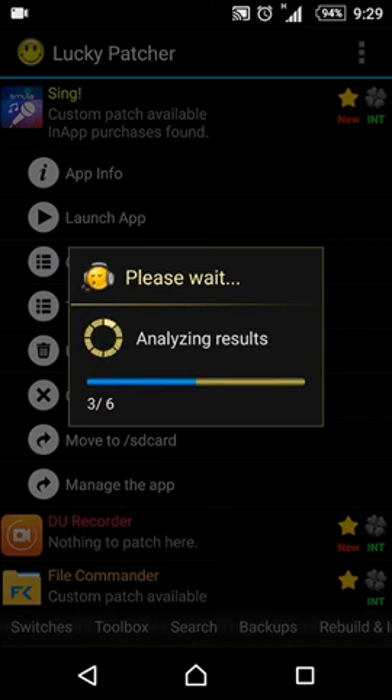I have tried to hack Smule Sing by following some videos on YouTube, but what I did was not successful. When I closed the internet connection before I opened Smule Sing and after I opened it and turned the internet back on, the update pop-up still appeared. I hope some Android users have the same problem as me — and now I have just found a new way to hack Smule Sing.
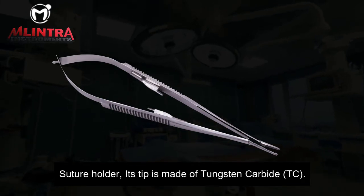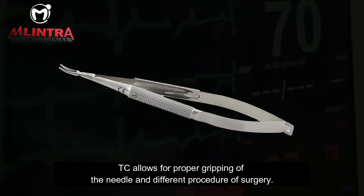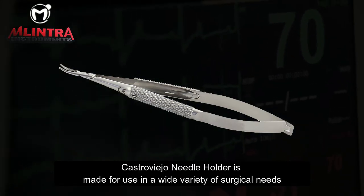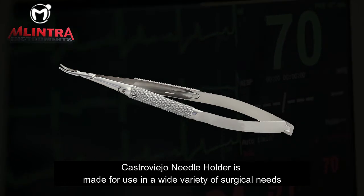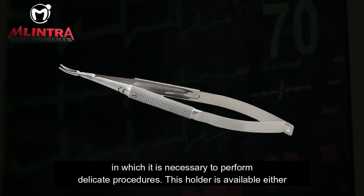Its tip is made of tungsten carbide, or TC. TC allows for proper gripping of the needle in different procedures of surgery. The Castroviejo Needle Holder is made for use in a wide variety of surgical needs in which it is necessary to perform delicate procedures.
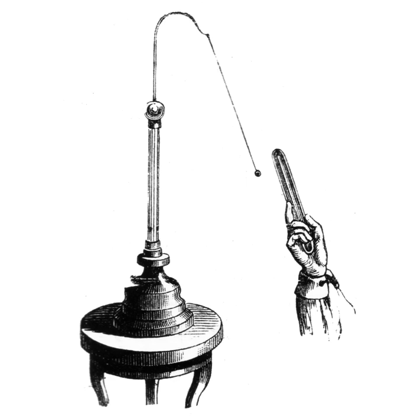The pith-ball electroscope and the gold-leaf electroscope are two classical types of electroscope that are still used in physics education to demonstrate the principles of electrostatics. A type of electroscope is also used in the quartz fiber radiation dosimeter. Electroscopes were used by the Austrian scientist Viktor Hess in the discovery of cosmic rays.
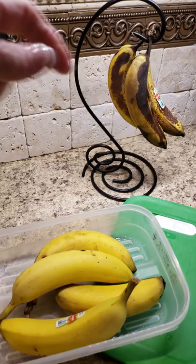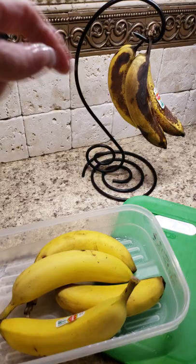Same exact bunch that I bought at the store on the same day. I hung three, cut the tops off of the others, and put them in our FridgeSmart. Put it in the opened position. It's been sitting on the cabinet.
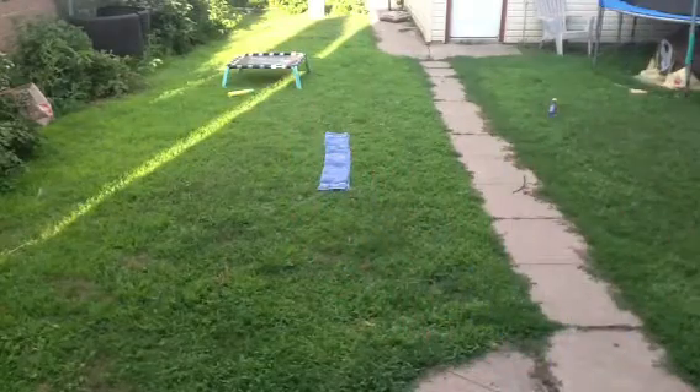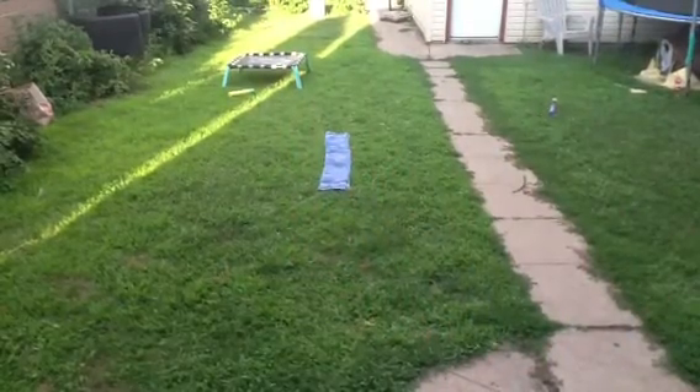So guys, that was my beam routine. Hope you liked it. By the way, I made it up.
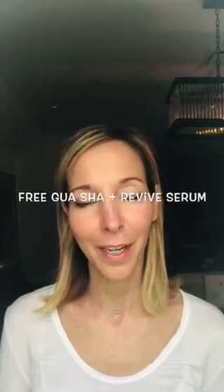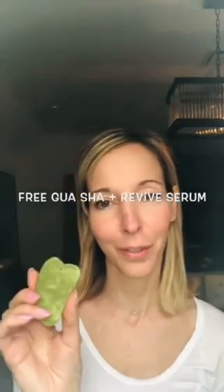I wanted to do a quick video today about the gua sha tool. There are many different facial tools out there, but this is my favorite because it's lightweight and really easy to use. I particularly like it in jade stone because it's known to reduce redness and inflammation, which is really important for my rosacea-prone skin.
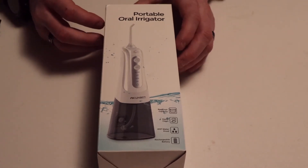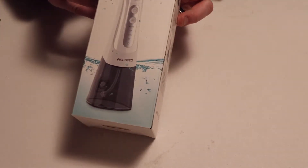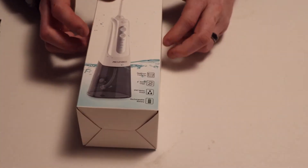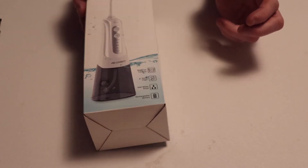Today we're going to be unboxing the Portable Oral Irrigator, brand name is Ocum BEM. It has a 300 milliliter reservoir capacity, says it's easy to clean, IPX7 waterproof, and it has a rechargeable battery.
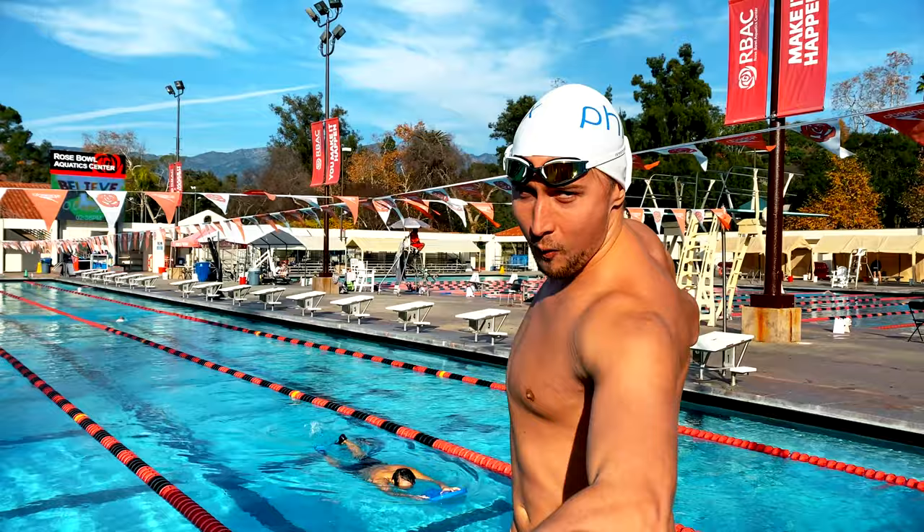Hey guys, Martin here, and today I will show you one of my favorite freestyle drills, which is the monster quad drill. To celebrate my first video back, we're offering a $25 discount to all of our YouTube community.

◆ WHAT YOU NEED TO DO ◆
Your copy must match the records above word for word and contain no pictures.

◆ RESULT OF THE EXERCISE ◆
I have tried to hack Smule Sing by following some videos on YouTube, but what I did was not successful. When I closed the internet connection before I opened Smule Sing and after I opened it and turned the internet back on, the update pop-up still appeared. I hope some Android users have the same problem as me — and now I have just found a new way to hack Smule Sing.
Its tip is made of tungsten carbide, or TC. TC allows for proper gripping of the needle in different procedures of surgery. The Castroviejo Needle Holder is made for use in a wide variety of surgical needs in which it is necessary to perform delicate procedures.
The pith-ball electroscope and the gold-leaf electroscope are two classical types of electroscope that are still used in physics education to demonstrate the principles of electrostatics. A type of electroscope is also used in the quartz fiber radiation dosimeter. Electroscopes were used by the Austrian scientist Viktor Hess in the discovery of cosmic rays.
Same exact bunch that I bought at the store on the same day. I hung three, cut the tops off of the others, and put them in our FridgeSmart. Put it in the opened position. It's been sitting on the cabinet.
So guys, that was my beam routine. Hope you liked it. By the way, I made it up.
I wanted to do a quick video today about the gua sha tool. There are many different facial tools out there, but this is my favorite because it's lightweight and really easy to use. I particularly like it in jade stone because it's known to reduce redness and inflammation, which is really important for my rosacea-prone skin.
Today we're going to be unboxing the Portable Oral Irrigator, brand name is Ocum BEM. It has a 300 milliliter reservoir capacity, says it's easy to clean, IPX7 waterproof, and it has a rechargeable battery.
Hey guys, Martin here, and today I will show you one of my favorite freestyle drills, which is the monster quad drill. To celebrate my first video back, we're offering a $25 discount to all of our YouTube community.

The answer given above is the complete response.